The 2018 World Brewers Cup-winning recipe — hybrid immersion+drip with the GINA Brewer and temperature switching (80°C → 95°C → 80°C). The pioneer of the temperature switch technique.
In June 2018, Emi Fukahori of Switzerland won the World Brewers Cup in Amsterdam. Her presentation was revolutionary — she didn't just win, she invented a new technique that would change specialty coffee: temperature switching mid-brew.
Seven years before George Peng won in 2025 with the same idea — Emi had already done it. And with three different temperatures, not two.
What is the GINA Brewer:
The device Emi chose — GINA Brewer from Goat Story — is a work of art. A combination of V60 cone and Clever Dripper: a dripper with a valve you can open and close. Closed = immersion. Open = filter. Plus: built-in scale base and timer. Released in 2017, still considered premium.
The coffee:
Emi brought a rare unique variety: Laurina — a Bourbon mutation, characterized by low caffeine and sweet fruity flavors. The bean went through semi-anaerobic Carbonic Maceration at Daterra in Brazil. The result: wine-like acidity, rich body, and raspberry/chocolate notes.
The philosophy — 3 temperatures:
Emi argued that temperature should match what you're extracting at each stage:
Stage 1 — immersion at 80°C (50g):
Low temperature in a long immersion (45 seconds) extracts sweetness and delicate acidity without bitterness. The coffee is like 'steeping in tea'.
Stage 2 — drip pour at 95°C (100g more):
Open the valve and switch to filter mode. Now we need high energy to open up the coffee — extract deep aromas and body. 95°C is the accepted score for good extraction.
Stage 3 — finishing at 80°C (70g):
Back to low temperature. Finishing at low temp rinses the cup without extracting more bitterness.
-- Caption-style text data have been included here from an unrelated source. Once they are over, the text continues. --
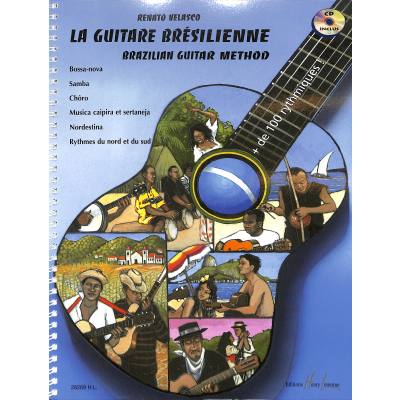 9790230982696 - La guitare bresilienne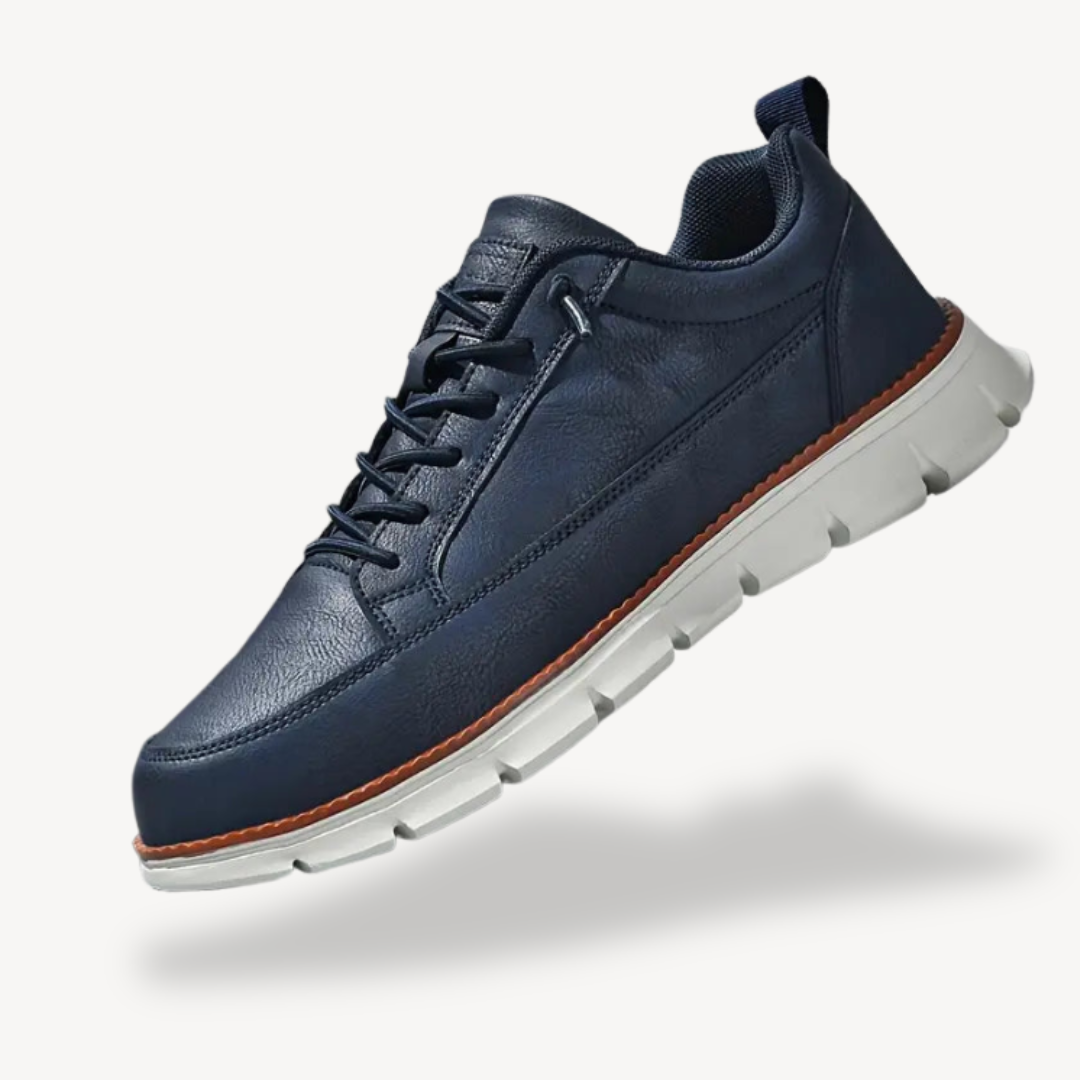 Men's Comfortable Supportive Leather Shoes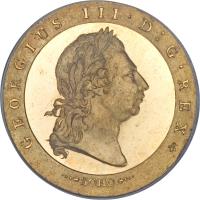United Kingdom coin 1/2 Penny - George III (1795) obverse obverse of 1/2 Penny - George III (1795) coin with KM# Pn63 from United Kingdom. Inscription: GEORGIUS III · D:G · REX SOHO
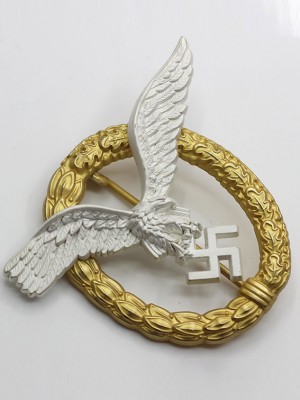 Replica of Pilot/Observer Badge (Flugzeugführer- und Beobachterabzeichen) (WWII German Badges) for Sale (by ww2onlineshop.com)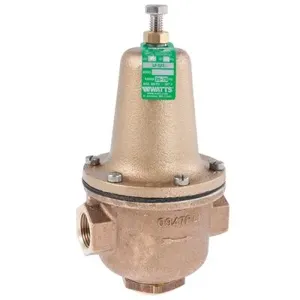 WATTS LF223-B 3/4 Water Pressure Reducing Valve, 3/4 Inch Inlet, 20.7 Bar Pressure | BP3ZHW 0298517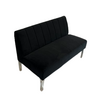 Kincaid Loveseat - Black rental in San Diego, CA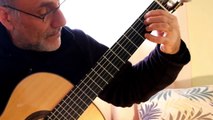 TEMPO DE CRIANÇA by DILERMANDO REIS guitar George Spanoudis
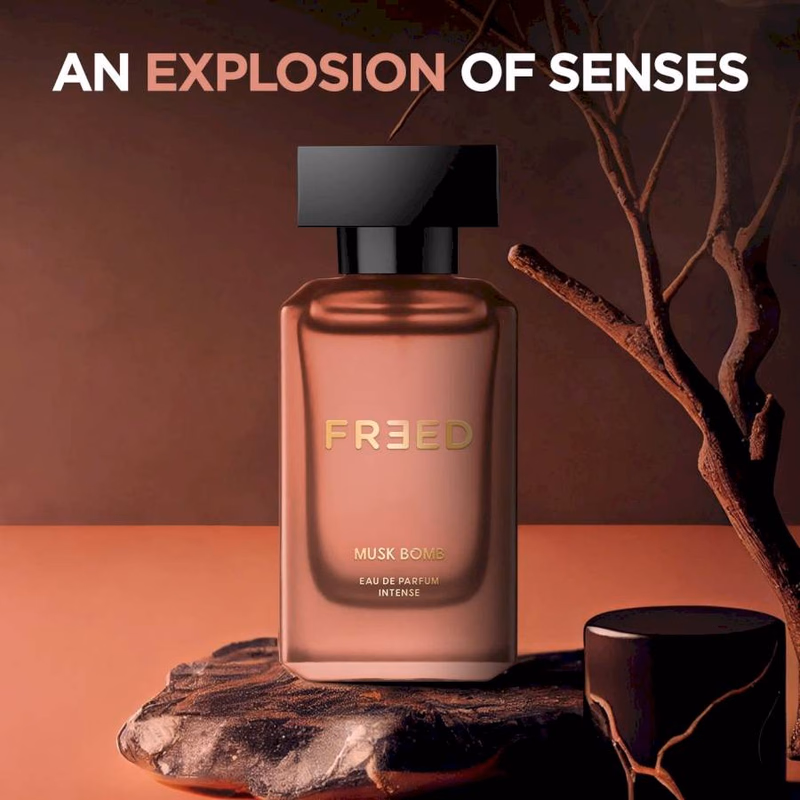 BEARDO - FREED - MUSK BOMB - EAU DE PARFUM - INTENSE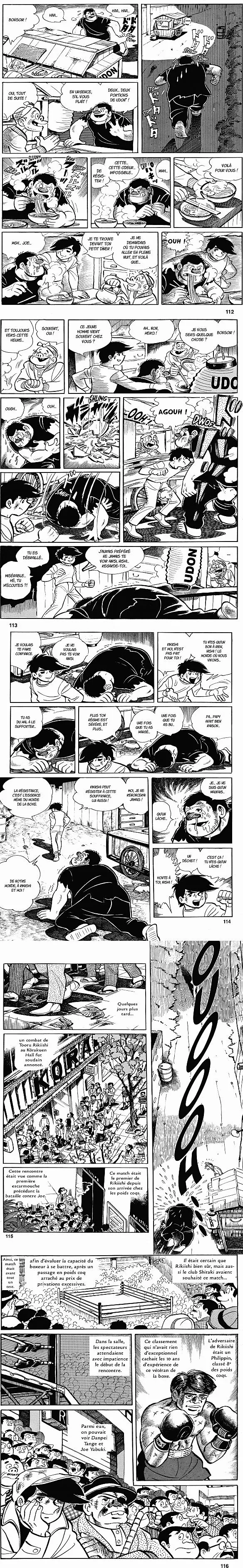 Read Ashita no Joe FR Manga Online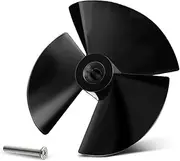 [Alocs] 9995266-R1 Pool Cleaner Impeller for Maytronics Dolphin Premier/DX6/DX5S/M200/M400/M500/Nautilus/Nautilus CC/Nautilus CC Plus/Triton/Triton PS Plus Robotic Pool Cleaners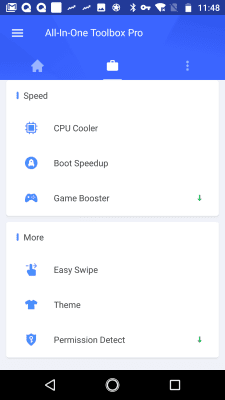 Screenshot of the application Flashlight Plugin - #5
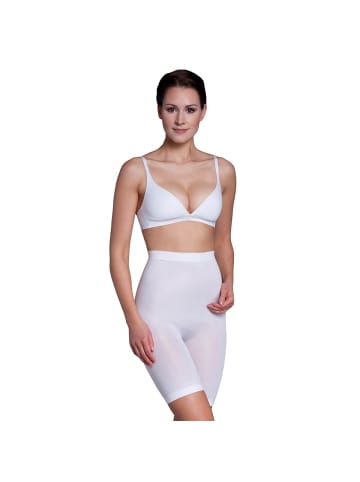 MISS PERFECT Shapewear Hose mit Bein in Weiß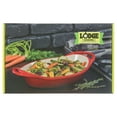 thumbnail image 4 of Lodge Cast Iron 2 Quart Enameled Oval Casserole Red, 4 of 9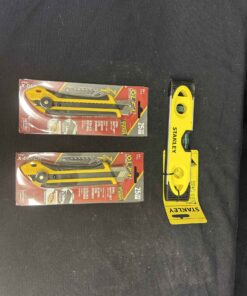 51 - Stanley 9" Magnetic Torpedo Level. 2 OLFA 25 mm Extra Heavy Duty snap off knives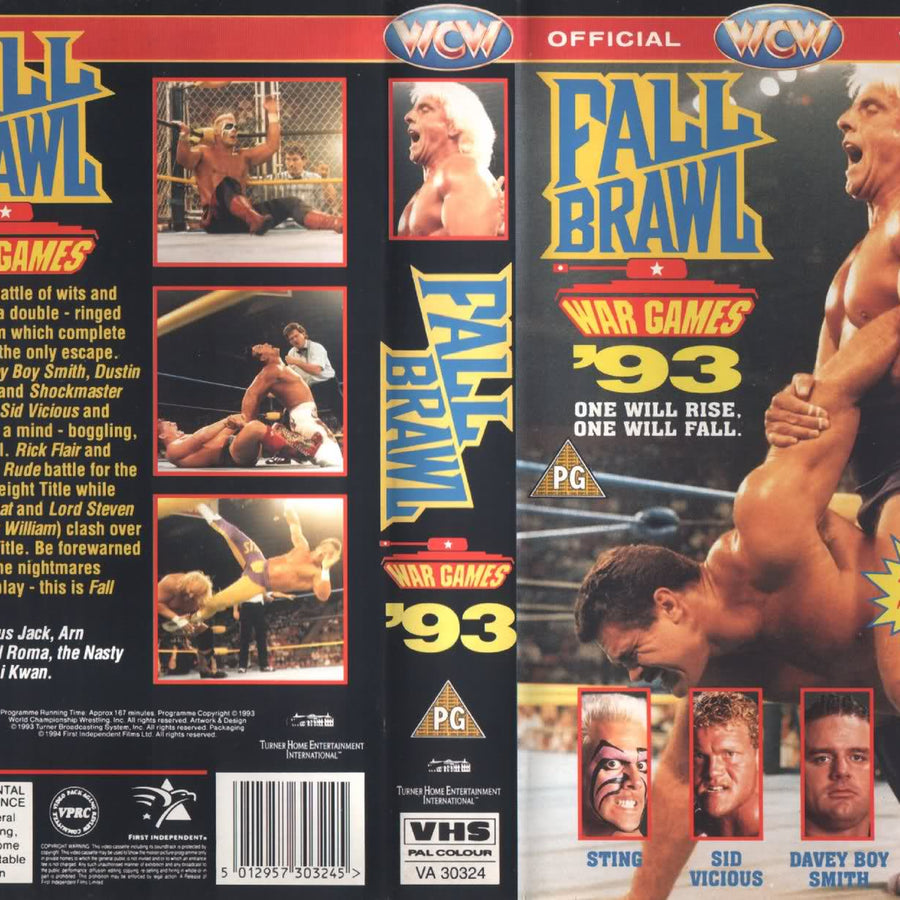 fall brawl 1993 DVDs & Videos Pwcatalog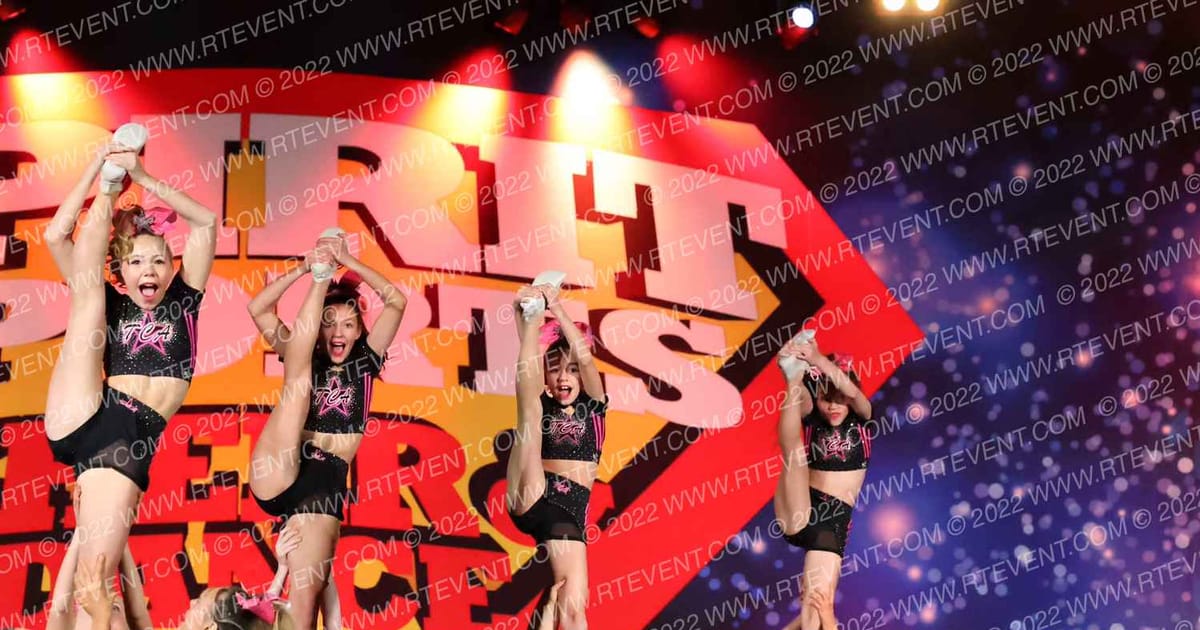 TEXAS CHEER ALLstars Senior Heat · Spirit Sports Dallas National DIDII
It cleans up the flavor.
The competition score:
The judges were stunned. Emi's score was especially high in balance — perfect balance between the three flavor layers. She beat the Tetsu Kasuya champion from 2016 (barely, of course his 4:6 is still in use today).
The impact:
After 2018, temperature switching became a trend in specialty. Every WBrC round since included at least one competitor trying the technique. In 2025, Peng won with a refined version of the same idea — one big temperature change instead of three smaller.
Emi proved that the device isn't everything — the idea is what wins. The GINA was a relatively new device, and she still won. Because the technique was innovative.
This recipe is excellent for those with a GINA or Clever, or even a V60 + manual method to switch kettles. Requires 3 kettles at different temperatures (or thermometer and cooling) — but the result is unique.